[Opening EXTRACTED RECORDS section]

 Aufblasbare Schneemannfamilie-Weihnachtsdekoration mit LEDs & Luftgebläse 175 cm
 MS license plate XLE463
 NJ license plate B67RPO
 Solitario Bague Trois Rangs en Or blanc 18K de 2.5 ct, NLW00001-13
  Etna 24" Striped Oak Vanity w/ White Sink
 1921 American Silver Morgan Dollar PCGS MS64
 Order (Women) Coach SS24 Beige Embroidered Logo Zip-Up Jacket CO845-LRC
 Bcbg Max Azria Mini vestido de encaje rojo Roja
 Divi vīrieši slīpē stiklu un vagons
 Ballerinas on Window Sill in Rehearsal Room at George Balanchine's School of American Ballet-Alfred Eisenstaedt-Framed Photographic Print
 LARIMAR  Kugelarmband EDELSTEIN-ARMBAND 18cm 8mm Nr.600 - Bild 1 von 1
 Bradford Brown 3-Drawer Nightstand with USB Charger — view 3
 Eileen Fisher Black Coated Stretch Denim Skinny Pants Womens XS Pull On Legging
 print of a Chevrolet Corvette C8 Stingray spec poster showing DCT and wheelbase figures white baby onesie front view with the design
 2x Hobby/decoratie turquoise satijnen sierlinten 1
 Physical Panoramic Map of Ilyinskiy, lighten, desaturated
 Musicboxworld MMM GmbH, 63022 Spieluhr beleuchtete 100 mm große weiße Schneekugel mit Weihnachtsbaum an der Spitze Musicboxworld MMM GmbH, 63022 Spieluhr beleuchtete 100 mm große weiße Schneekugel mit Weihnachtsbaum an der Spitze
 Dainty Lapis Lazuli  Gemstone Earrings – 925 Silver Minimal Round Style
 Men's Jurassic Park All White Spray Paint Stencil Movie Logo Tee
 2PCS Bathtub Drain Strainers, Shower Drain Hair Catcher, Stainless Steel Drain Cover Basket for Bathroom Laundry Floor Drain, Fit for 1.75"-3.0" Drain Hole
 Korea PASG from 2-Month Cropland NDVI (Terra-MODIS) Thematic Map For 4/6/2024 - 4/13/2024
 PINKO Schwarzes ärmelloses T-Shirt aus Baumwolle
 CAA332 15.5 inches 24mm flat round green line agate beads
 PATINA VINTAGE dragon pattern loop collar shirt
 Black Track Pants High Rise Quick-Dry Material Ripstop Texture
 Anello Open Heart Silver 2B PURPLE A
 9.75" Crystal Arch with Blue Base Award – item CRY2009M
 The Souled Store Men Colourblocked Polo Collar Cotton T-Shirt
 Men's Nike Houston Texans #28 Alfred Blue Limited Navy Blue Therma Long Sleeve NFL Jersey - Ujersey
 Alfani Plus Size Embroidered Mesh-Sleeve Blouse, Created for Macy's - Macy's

[Closing EXTRACTED RECORDS section]

Please return every line of the records above that contains the word "with".

 Bradford Brown 3-Drawer Nightstand with USB Charger — view 3
 print of a Chevrolet Corvette C8 Stingray spec poster showing DCT and wheelbase figures white baby onesie front view with the design
 9.75" Crystal Arch with Blue Base Award – item CRY2009M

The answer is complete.